To simulate the use of the auto value of dir, or bdi, you can use ⁨ U+2068 FIRST STRONG ISOLATE at the beginning of the phrase.

These control characters should only be used for inline phrases, not for block elements such as paragraphs. In general, it is recommended that you use markup where it is available, rather than these character pairs, because it is easier to see and therefore manage the markup, and it is consistent with the approach used for block elements. Where markup is not available, of course, this is the only option.

There is another set of characters which change the base direction: U+202B RIGHT-TO-LEFT EMBEDDING (RLE), U+202A LEFT-TO-RIGHT EMBEDDING (LRE), and U+202C POP DIRECTIONAL FORMATTING (PDF), but they don't directionally isolate the phrases they surround, so it's best not to use them.

The two characters we already met in the above text, U+200F RIGHT-TO-LEFT MARK (RLM) and U+200E LEFT-TO-RIGHT MARK (LRM) can also be used, where appropriate. In addition to the numeric references, these characters also have named entity references, &rlm; and &lrm;.

<title>the title says "INTERNATIONALIZE THE WEB!&rlm;" in arabic.</title>

Note that in the example just shown the Arabic text is no longer marked up for language or styling – which is one reason to use markup rather than these code points where you can.

Mirrored characters

The Unicode Bidirectional Algorithm has rules for displaying mirrored characters. The visible shape of these characters depends on whether they are displayed in a LTR or RTL context. These are commonly pairs of characters such as parentheses, brackets, and the like, but also include some characters that are not typically paired, such as [U+2260 NOT EQUAL TO].

basic vertical japanese
The character > [U+003E GREATER-THAN SIGN] points to the right when displayed in a LTR context, but to the left in an RTL context. Test in your browser

This is completely automatic. You do not have to change the character for the shape to change.

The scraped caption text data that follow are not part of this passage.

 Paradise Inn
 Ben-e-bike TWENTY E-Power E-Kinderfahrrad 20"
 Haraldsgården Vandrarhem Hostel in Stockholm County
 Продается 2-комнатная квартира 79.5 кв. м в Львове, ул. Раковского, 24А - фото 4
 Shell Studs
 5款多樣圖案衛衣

The ends of an opening parenthesis always face in the direction of the text flow, and closing parentheses face the other way. This means that, whether the stored content is in Arabic/Hebrew or Latin script, you would use the same ( [U+0028 LEFT PARENTHESIS] character at the beginning of the parenthesized text. In other words, treat mirrored characters as if any word left in the name meant 'opening', and right meant 'closing'.

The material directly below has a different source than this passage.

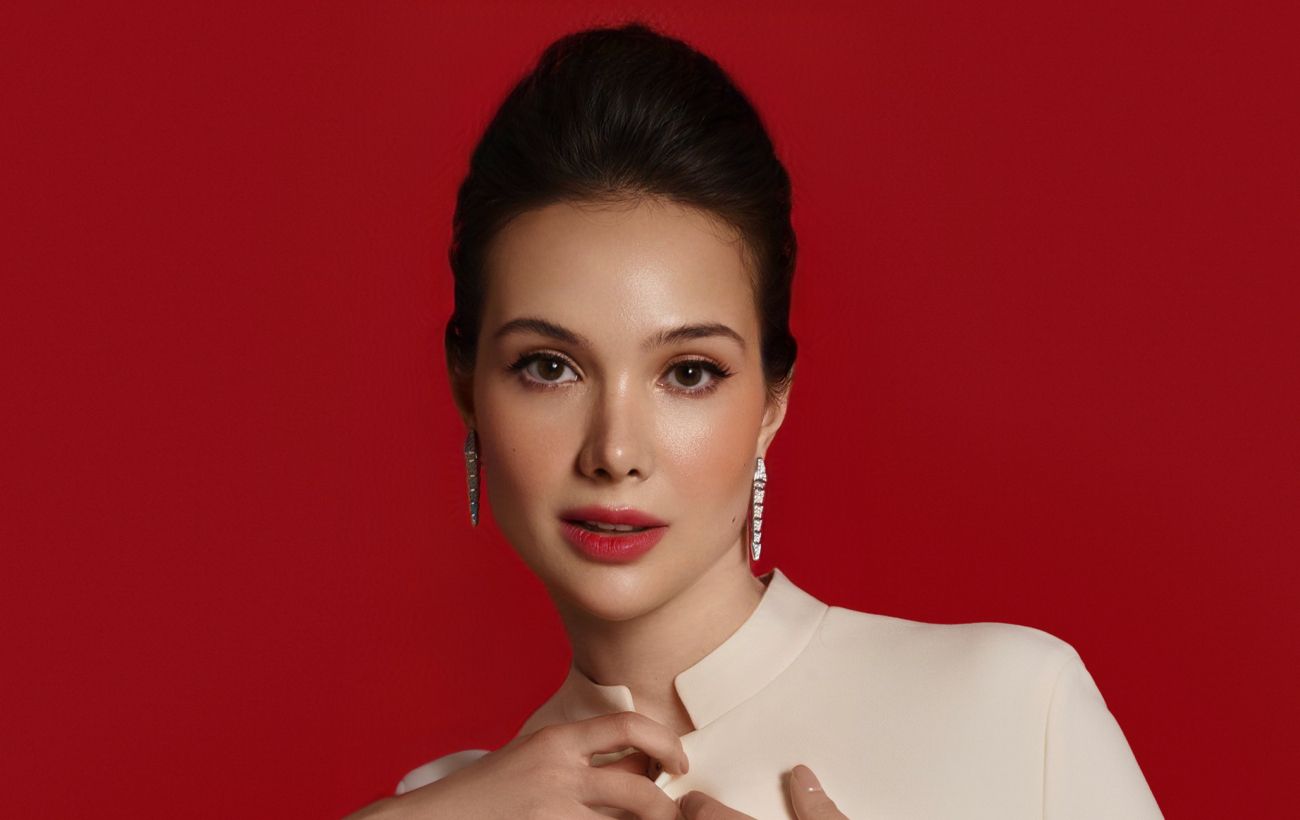 Зображення новини: Файли Епштейна і київські агентства: королева краси з України перервала мовчання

But up-to-date implementations of the bidi algorithm go further, and attempt to balance parentheses. In the picture below, the higher lines show how parenthesis used to look (without intervention), and the bottom shows how they look with the balancing in play.

basic vertical japanese
Parentheses, as they used to be (top) and balanced (bottom) using the Unicode Bidirectional Algorithm. Test in your browser

Again, you don't need to take any action to enable these improvements. The browser should just do this.

Overriding the algorithm

There may be occasions where you don't want the bidi algorithm to do its reordering work at all. In these cases you need some additional markup to surround the text you want left unordered. In HTML this is achieved using the inline bdo element. Note that you shouldn't find yourself using bdo for normal management of bidi text – it's only for special cases, mostly educational. And don't confuse it with bdi.

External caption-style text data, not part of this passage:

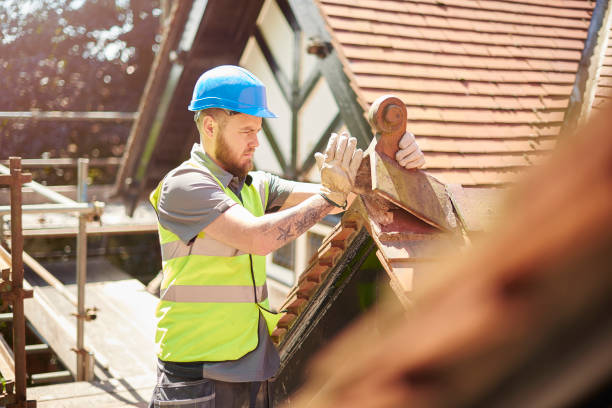 Best Tile Roofing Contractor  in Durand, WI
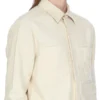 RICK OWENS – CAMISAS RU02E1292MLC-21 RICK OWENS – CAMISAS RU02E1292MLC-21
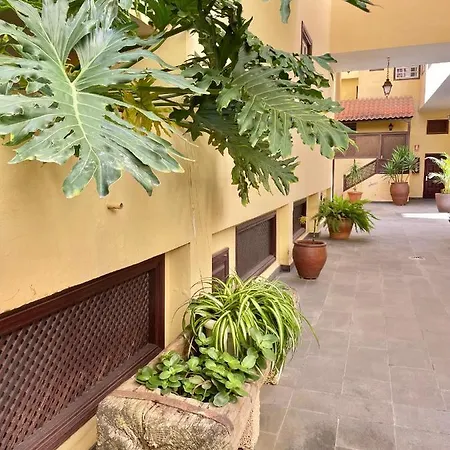 度假居 Home2book El Encanto Centro Historico *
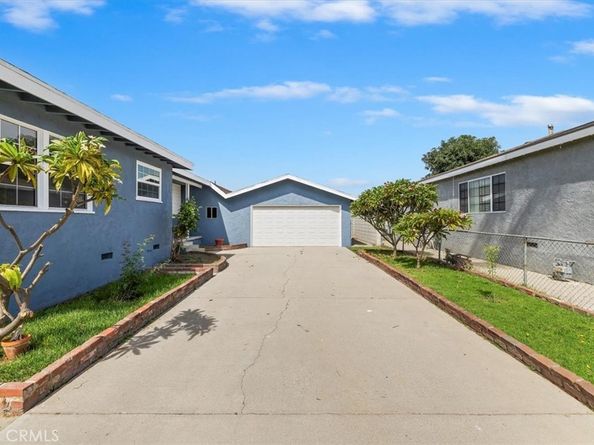 227 S 4th, La Puente CA 91746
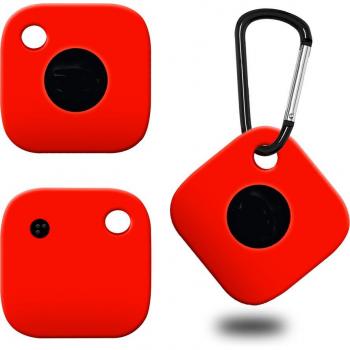 Anti-Scratch Case for Tile Mate 2022 Tracker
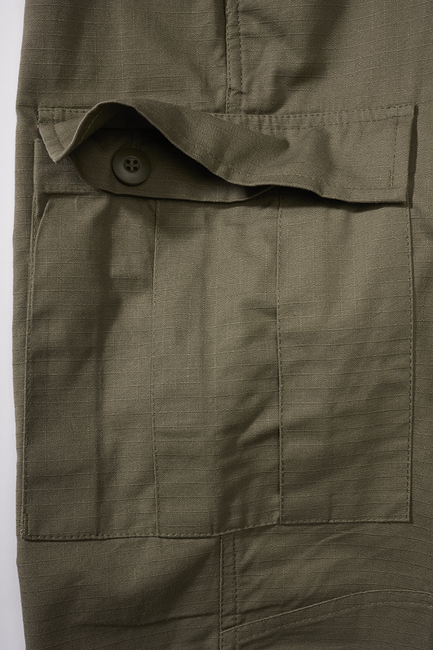 Brandit BDU Ripstop Women's Pants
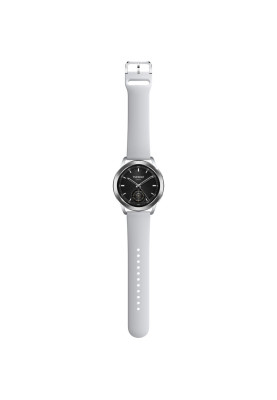 Годинник Xiaomi Watch S3 Silver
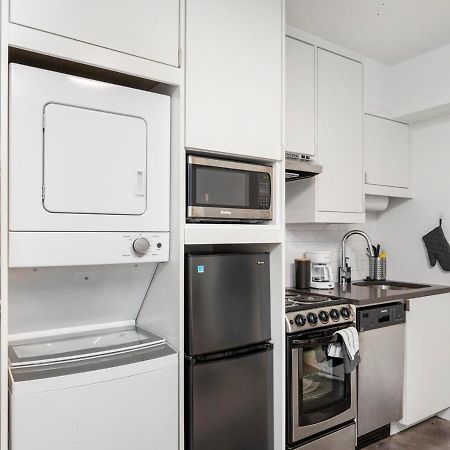 Comfortable Studio With Queen Bed, City Walkable! Atlanta Exterior foto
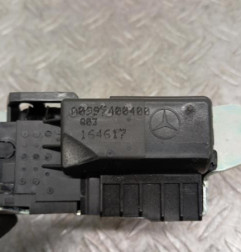 Serrure de hayon MERCEDES CLASSE C 205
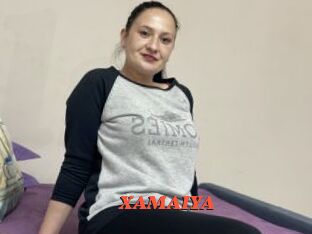 XAMAIYA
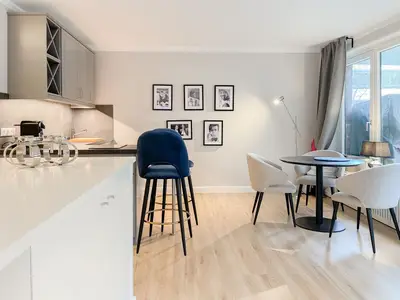 Ferienwohnung für 3 Personen (47 m²) in Timmendorfer Strand 6/10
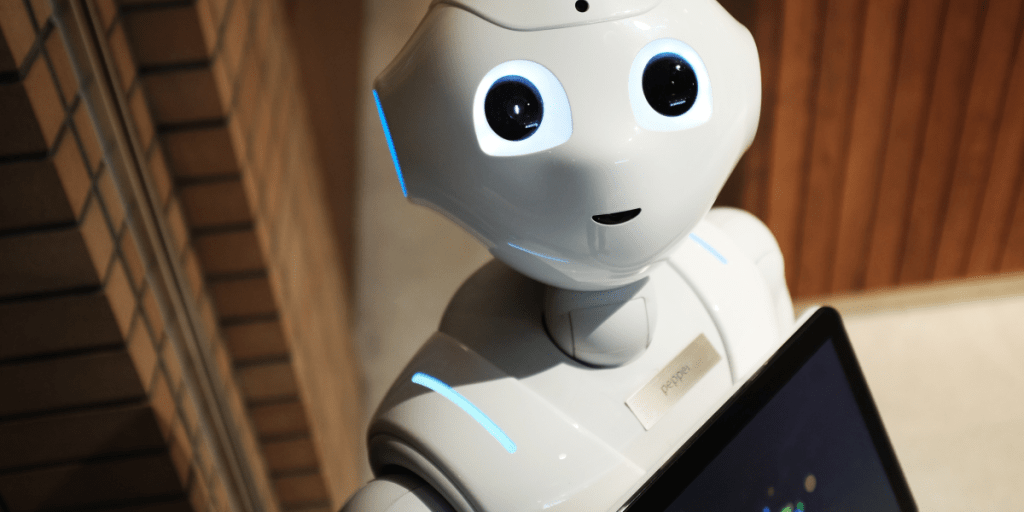 Using AI to improve the user experience of patient&nbsp;portals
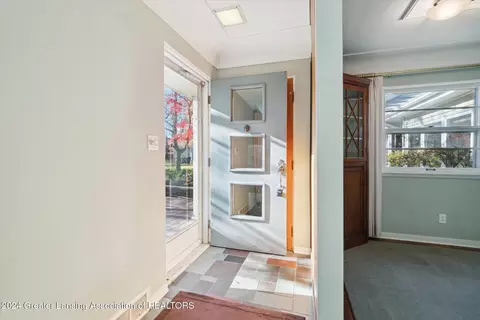 Entry Way - 4980 Mohawk Rd, Okemos, MI 48864 photo 1 of 1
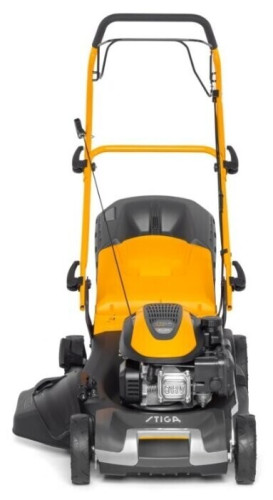 Газонокосилка бензиновая STIGA Combi 50 SQ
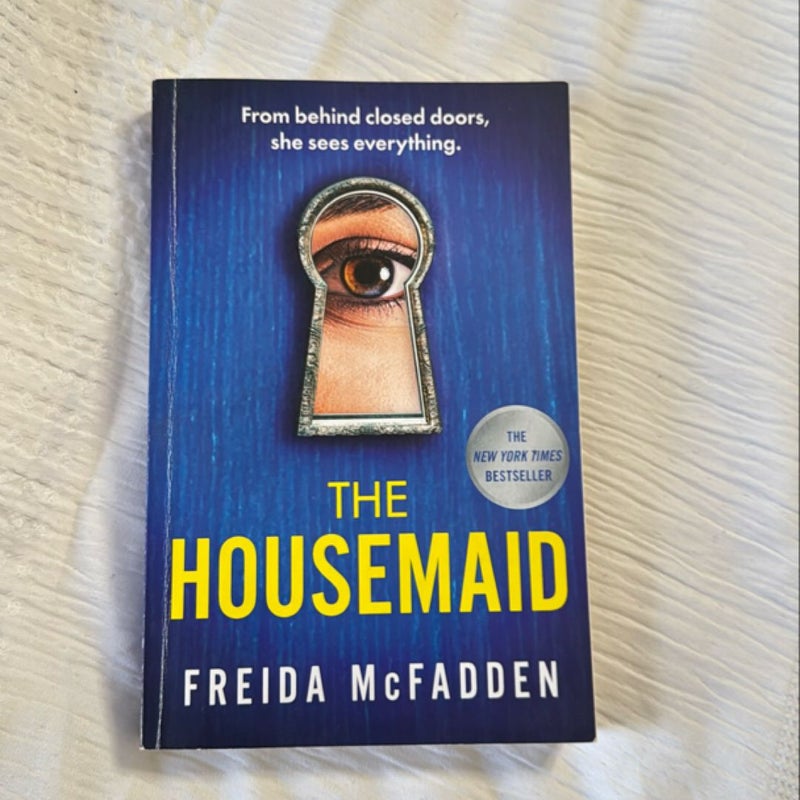 The Housemaid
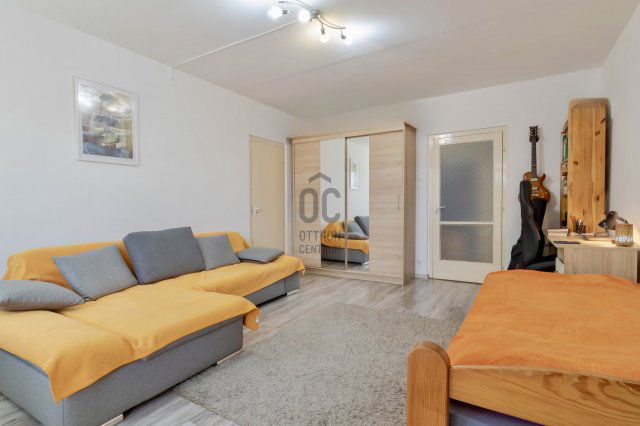 Eladó panellakás, Budapesten, IX. kerületben 75.9 M Ft, 2 szobás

Examples that show the characters as ordered in memory use the bdo tag to achieve that effect. You must provide a dir attribute with the bdo element, and the value must be either rtl or ltr (it cannot be auto). For example, the picture below shows Hebrew text as ordered in memory.

Shows Hebrew text in the order stored in memory.

Text using a bidirectional override (bottom line).

For the bottom line we would use the following markup in HTML:

<p><bdo dir="ltr">INTERNATIONALIZATION ACTIVITY, w3c</bdo></p>

In other XML applications, such as XHTML2, it may be implemented as a value of rlo or lro on the dir attribute, enabling it to be applied to any element. There are also Unicode control characters you could use to achieve the same result, but because they create states with invisible boundaries this is generally not recommended.